Das erste ist wie folgt:

Gentoo mit PCI ISDN Karte -> VirtualBox mit Windows <- TK-Software

Ich muss (leider) mit Windows meine Telefonanlage Programmieren. Dies geht nur per ISDN. Nun die Frage wie bekomme ich ISDN in die VB?

Das zweite Problem ist, dass ich per VNC immer erst Connecten kann wenn ich am PC angemeldet bin. Ich hab dazu diverese Einträge gelesen jedoch gibt es das Paket VNC als solches leider nicht mehr.

Ich hoffe auch hier kann mir jemand helfen.

Danke im voraus.

LSPCI der Karte:

04:06.0 Network controller: AVM GmbH Fritz!PCI v2.0 ISDN (rev 01)

Gentoo: 64 Bit

Grafische Oberfläche: Gnome

VB Version: 4.1.6

----------

## tazinblack

Zu Problem ein:

soweit ich weiß, kann man ISDN nicht in die VB geben.

Es sei den sie wäre per USB angeschlossen. Die solltest Du dann durchmappen können.

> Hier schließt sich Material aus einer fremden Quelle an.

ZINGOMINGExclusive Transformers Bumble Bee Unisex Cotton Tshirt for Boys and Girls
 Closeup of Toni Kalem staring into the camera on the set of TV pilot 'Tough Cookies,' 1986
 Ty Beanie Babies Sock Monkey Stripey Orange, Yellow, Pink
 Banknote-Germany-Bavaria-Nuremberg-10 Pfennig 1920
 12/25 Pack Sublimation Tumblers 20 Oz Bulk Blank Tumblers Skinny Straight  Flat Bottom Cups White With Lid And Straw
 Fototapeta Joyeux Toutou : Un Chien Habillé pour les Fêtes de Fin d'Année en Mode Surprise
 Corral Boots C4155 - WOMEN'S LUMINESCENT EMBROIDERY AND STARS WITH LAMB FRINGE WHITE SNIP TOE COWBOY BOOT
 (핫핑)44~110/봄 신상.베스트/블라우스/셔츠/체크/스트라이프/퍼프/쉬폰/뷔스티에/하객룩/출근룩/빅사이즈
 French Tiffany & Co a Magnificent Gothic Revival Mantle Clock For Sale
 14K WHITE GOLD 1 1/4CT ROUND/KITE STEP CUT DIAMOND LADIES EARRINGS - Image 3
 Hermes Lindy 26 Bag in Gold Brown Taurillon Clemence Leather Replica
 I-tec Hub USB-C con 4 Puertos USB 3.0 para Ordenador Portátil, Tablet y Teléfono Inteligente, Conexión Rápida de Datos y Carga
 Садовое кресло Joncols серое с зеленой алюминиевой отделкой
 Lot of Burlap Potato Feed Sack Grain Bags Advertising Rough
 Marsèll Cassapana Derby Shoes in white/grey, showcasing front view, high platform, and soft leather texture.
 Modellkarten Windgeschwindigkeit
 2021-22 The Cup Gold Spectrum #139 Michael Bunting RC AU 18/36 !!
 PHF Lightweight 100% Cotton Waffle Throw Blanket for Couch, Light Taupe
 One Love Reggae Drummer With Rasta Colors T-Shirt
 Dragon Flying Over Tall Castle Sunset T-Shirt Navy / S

Aber auch hier keine Gewähr, dass das geht, hab ich noch nie versucht.

Problem zwei:

Willst Du per VNC die Linux oder die Windows Kiste bedienen?

----------

## volvo

Die Windowskiste kann ich per Vnc das is kein Thema mein Gentoo möchte ich gern per VNC bedienen um nach nem restart die virtuelle maschine zu starten.

----------